BOZEMAN, Montana - An ambitious project from National Geographic is returning to Yellowstone National Park this week, and also will feature Montana's prairie. "Yellowstone Live" is a four-night special from the renowned science organization featuring live crews stationed across the Greater Yellowstone Ecosystem and the American Prairie Reserve. 

Daniel Kinka is a wildlife restoration manager with 
American Prairie Reserve. He said the grasslands near the Missouri Breaks often are overlooked, compared with Yellowstone and the Northern Continental Divide Ecosystem, but the three ecosystems share a lot of connections. 

Kinka thinks it's an honor that National Geographic is putting a spotlight on the prairie.

"The platform that they have to be able to tell good conservation stories is just unparalleled, and so we're very happy to be working with them, but also to be mentioned in the same breath as Yellowstone is really special," Kinka said. "American Prairie Reserve's kind of the third ecosystem in Montana that gets forgotten about."

National Geographic is partnering with the American Prairie Reserve on its Last Wild Places initiative, which aims to conserve wild places that sustain life on Earth and has a goal of protecting 30% of the planet by 2030. Montana's reserve is one of the largest intact grasslands remaining in the world. 

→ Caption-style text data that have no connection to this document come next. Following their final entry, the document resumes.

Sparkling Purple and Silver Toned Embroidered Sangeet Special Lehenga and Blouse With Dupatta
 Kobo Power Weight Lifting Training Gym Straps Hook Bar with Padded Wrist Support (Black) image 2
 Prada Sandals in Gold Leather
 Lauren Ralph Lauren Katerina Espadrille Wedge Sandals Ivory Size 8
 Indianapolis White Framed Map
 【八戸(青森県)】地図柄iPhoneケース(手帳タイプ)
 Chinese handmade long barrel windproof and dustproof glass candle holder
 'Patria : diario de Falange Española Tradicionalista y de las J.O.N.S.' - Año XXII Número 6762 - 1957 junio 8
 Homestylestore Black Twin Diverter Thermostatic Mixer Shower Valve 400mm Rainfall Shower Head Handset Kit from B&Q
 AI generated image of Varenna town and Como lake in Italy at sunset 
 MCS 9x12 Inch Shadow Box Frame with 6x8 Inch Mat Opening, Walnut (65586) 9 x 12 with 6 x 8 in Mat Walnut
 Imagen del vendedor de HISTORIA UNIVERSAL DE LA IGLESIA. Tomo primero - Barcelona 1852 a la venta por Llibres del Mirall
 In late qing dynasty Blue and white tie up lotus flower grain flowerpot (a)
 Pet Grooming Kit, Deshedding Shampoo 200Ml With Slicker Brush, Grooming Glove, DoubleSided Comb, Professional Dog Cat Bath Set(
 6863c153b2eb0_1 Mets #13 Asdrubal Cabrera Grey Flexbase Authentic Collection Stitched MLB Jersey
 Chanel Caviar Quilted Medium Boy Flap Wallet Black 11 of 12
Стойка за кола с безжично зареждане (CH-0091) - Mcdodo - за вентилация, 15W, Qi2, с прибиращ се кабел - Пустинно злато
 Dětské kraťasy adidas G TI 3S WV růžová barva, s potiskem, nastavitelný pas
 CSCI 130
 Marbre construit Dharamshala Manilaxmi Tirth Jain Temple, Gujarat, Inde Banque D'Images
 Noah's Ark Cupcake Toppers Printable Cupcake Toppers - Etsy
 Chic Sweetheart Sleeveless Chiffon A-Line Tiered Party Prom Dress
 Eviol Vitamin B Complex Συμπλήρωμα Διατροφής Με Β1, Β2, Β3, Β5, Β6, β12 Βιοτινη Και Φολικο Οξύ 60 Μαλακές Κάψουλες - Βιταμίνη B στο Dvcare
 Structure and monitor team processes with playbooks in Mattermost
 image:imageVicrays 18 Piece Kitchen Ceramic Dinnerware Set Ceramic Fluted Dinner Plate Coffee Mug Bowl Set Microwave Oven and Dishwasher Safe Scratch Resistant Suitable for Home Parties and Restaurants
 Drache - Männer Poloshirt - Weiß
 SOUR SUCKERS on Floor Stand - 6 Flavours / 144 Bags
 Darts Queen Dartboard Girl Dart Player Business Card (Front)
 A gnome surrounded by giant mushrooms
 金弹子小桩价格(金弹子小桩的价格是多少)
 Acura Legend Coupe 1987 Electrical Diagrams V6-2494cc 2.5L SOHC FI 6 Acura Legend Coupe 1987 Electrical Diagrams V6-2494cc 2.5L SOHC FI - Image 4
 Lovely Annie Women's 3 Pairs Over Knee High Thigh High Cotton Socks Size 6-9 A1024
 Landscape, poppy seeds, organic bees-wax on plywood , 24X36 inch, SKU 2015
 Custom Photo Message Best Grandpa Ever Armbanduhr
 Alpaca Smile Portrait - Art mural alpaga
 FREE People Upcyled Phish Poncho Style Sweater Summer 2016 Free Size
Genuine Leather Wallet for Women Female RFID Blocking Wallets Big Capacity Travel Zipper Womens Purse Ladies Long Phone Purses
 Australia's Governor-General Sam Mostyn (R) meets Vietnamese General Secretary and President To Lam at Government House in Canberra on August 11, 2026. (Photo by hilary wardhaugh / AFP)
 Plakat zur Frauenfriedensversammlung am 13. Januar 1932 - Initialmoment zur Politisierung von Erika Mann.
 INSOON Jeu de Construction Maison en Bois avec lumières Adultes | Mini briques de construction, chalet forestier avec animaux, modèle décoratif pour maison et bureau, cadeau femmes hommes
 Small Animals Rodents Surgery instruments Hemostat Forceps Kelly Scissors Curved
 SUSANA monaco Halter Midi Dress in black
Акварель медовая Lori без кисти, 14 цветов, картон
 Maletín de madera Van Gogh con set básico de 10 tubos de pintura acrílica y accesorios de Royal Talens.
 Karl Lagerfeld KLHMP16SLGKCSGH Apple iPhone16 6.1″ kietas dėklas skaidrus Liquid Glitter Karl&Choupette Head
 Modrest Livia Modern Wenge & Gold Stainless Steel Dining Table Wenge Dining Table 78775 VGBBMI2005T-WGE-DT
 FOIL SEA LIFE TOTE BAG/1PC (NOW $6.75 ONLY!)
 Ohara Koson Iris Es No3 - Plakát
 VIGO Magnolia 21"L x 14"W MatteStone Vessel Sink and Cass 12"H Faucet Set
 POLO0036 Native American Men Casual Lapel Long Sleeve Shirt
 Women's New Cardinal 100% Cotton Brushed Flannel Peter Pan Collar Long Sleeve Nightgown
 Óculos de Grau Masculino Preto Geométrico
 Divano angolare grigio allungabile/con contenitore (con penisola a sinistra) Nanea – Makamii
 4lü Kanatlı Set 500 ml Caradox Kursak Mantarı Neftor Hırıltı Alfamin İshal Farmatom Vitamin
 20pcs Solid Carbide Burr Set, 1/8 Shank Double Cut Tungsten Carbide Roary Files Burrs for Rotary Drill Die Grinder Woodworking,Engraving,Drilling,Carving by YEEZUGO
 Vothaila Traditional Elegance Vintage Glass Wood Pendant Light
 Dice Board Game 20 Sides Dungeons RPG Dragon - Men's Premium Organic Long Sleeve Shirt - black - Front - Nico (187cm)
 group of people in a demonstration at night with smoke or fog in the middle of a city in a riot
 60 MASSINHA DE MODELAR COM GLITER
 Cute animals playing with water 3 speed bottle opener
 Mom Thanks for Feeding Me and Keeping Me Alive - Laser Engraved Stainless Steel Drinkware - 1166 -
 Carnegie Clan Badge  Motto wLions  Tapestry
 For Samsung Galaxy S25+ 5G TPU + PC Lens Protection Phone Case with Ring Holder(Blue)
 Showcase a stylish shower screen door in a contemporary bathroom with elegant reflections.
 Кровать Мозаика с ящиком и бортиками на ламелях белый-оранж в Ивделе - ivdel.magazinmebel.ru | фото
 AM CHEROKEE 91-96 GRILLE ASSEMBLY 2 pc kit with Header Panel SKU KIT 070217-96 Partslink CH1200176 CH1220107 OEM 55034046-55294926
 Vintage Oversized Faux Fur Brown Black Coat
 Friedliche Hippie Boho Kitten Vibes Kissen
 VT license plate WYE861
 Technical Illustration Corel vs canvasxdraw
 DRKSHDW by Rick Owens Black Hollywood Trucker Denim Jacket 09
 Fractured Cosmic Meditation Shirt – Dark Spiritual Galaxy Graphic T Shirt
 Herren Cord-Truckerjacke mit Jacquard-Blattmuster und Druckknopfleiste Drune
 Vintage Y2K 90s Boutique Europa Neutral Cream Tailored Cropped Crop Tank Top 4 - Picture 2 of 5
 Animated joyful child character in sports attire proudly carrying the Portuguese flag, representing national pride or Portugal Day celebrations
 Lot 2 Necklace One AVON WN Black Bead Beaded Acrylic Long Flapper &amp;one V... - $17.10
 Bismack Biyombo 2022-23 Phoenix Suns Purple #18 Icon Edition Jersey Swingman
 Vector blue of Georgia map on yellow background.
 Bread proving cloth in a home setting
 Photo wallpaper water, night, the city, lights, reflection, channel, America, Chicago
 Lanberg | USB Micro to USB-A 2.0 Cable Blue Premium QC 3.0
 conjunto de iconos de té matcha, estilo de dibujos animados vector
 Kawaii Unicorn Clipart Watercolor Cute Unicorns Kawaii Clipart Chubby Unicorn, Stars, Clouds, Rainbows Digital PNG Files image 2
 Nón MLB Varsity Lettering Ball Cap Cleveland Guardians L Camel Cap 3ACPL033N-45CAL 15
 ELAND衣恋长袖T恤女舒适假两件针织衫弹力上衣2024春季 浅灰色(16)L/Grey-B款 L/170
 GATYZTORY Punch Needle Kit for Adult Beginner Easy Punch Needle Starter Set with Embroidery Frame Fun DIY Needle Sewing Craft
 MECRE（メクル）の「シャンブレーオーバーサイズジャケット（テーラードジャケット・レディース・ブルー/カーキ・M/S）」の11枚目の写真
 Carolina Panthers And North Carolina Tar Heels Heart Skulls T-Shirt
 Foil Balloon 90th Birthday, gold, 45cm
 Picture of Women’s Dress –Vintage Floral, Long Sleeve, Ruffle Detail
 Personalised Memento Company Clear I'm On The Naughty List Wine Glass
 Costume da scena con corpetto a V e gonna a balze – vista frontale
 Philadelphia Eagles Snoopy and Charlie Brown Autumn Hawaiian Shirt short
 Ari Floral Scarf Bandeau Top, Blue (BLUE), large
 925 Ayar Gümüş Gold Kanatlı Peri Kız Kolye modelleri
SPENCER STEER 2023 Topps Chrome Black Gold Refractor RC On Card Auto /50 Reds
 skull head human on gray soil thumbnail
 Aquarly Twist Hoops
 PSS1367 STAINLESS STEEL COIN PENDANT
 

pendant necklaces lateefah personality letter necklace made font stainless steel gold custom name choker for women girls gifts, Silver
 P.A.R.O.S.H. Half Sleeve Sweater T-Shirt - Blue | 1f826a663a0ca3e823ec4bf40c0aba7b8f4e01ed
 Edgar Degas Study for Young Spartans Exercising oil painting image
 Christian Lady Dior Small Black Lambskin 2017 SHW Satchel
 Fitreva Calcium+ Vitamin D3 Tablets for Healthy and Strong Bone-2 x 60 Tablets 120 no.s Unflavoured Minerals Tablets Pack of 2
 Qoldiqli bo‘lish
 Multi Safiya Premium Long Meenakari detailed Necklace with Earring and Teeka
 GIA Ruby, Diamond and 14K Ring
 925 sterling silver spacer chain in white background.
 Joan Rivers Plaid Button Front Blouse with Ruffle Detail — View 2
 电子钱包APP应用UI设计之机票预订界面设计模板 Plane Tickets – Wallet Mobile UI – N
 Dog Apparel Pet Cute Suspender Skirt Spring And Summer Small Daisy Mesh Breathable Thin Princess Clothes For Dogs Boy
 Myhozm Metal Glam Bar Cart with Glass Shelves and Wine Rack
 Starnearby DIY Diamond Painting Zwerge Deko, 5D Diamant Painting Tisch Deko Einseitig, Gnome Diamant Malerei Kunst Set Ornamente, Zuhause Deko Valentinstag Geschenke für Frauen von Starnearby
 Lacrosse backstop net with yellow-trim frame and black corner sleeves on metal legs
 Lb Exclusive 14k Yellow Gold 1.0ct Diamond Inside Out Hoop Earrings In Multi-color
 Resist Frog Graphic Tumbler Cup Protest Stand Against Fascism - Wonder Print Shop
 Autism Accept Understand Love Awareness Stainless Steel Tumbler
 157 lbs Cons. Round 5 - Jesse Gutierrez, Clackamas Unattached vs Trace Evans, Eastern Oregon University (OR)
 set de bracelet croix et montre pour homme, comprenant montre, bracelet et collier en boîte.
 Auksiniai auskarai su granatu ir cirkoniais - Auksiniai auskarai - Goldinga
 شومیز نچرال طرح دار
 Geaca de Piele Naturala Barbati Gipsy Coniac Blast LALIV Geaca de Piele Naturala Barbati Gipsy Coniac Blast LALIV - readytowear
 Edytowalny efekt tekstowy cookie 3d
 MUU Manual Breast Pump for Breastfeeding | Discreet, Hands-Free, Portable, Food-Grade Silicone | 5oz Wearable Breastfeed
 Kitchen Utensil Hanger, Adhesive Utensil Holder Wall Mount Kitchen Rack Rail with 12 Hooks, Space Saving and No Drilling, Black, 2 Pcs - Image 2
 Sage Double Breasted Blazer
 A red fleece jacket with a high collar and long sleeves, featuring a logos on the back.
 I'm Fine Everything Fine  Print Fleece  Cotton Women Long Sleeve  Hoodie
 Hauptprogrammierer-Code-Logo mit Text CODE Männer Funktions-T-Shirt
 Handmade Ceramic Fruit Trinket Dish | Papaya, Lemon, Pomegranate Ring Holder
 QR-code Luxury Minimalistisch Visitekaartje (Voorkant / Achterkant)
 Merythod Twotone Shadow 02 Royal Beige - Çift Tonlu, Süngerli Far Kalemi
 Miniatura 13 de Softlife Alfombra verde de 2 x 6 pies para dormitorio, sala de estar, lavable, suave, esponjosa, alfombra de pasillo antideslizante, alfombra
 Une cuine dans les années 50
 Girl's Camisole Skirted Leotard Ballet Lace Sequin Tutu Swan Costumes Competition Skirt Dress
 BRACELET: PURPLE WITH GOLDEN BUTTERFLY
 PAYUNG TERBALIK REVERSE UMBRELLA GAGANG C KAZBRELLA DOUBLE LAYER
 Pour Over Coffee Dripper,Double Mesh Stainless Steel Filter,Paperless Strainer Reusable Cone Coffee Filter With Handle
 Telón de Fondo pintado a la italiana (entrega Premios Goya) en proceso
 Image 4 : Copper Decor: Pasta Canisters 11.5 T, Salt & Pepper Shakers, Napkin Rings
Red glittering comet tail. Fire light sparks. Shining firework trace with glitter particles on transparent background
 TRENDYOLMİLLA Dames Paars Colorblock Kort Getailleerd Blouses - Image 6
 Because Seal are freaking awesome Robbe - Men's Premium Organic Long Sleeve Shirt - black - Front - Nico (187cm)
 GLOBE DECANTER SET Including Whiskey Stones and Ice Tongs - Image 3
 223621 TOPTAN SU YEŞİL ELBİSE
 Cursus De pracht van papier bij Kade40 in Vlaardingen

"Yellowstone Live" airs at 7 p.m. Mountain time through Wednesday.

A relocation of prairie dogs to the reserve was featured on Sunday's episode. On Monday, wildlife experts darted one of the reserve's 950 bison and fitted it with a "Bison Cam." Kinka said tonight he will be capturing and collaring burrowing owls.

"It's a very small owl that actually lives in old prairie dog holes," he said. "And so, we've got a burrowing owl expert out here, and he's going to help us capture and then band, so we can ID these burrowing owls going forward. And people will be able to see that live on TV as well."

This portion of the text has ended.